┌─ Information supplied

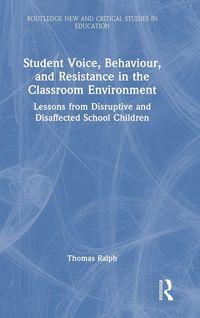 Produktbild: Student Voice, Behaviour, and Resistance in the Classroom Environment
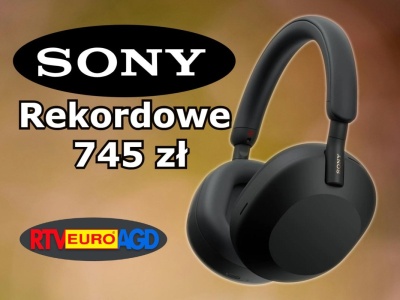 Sony WH-1000XM5 w przełomowej cenie 745 zł. Zrównały się z ceną wersji XM4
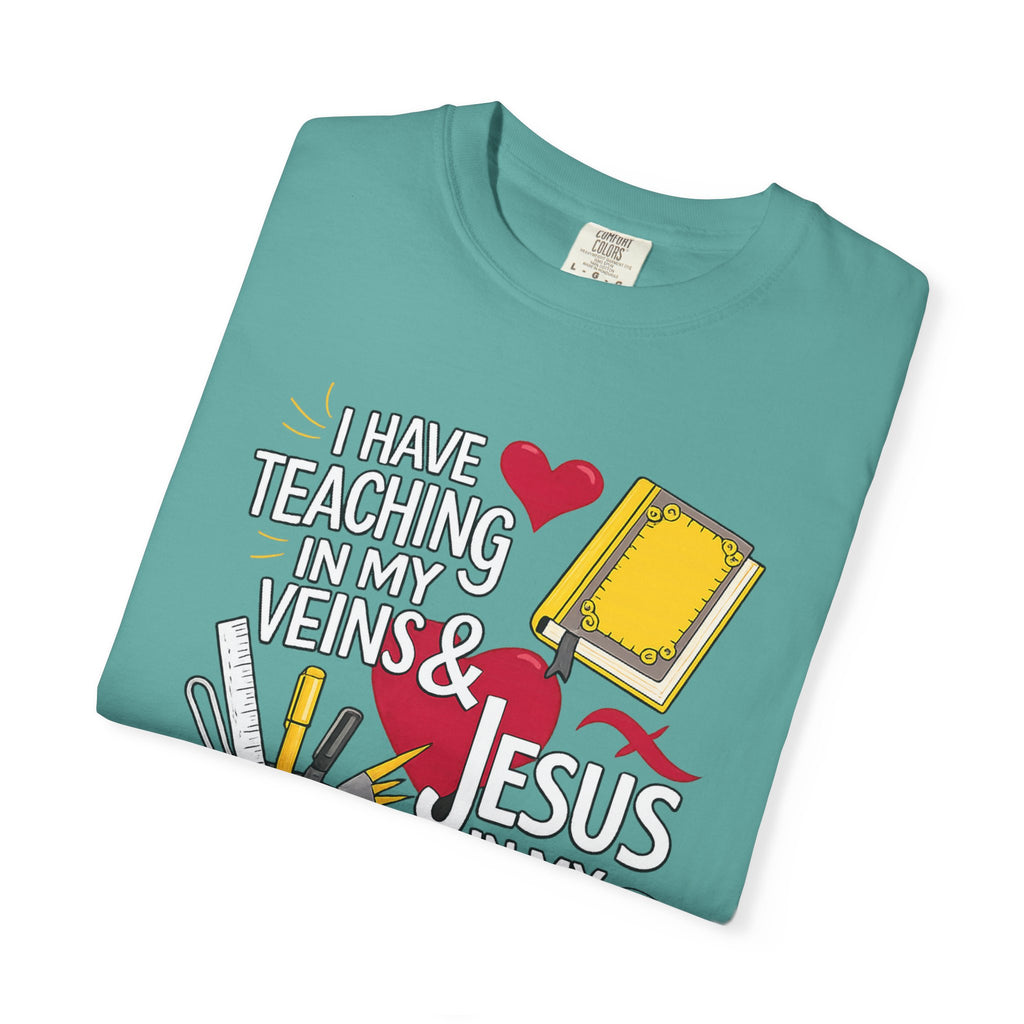 Christian Teacher T-Shirt - "I Have Teaching in My Veins & Jesus in My Heart" Garment-Dyed Tee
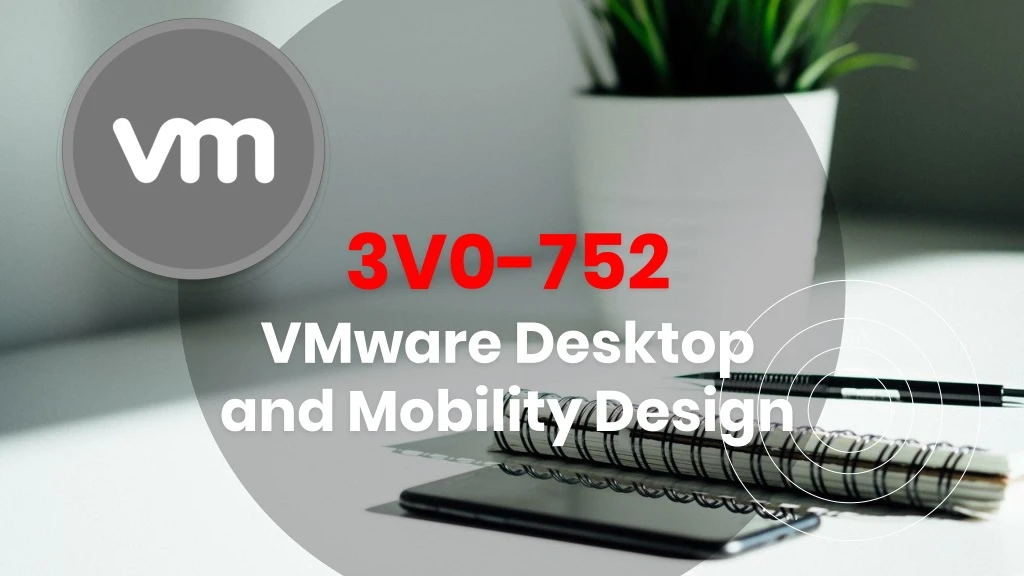 3v0 752 vmware desktop and mobility design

└─

▶ _Task objective_: Your answer should be the lines above from the one that contains "Christian Teacher T-Shirt" through the last, set down exactly, with the pictures removed.

▶ _Response below_:
 Christian Teacher T-Shirt - "I Have Teaching in My Veins & Jesus in My Heart" Garment-Dyed Tee
 3v0 752 vmware desktop and mobility design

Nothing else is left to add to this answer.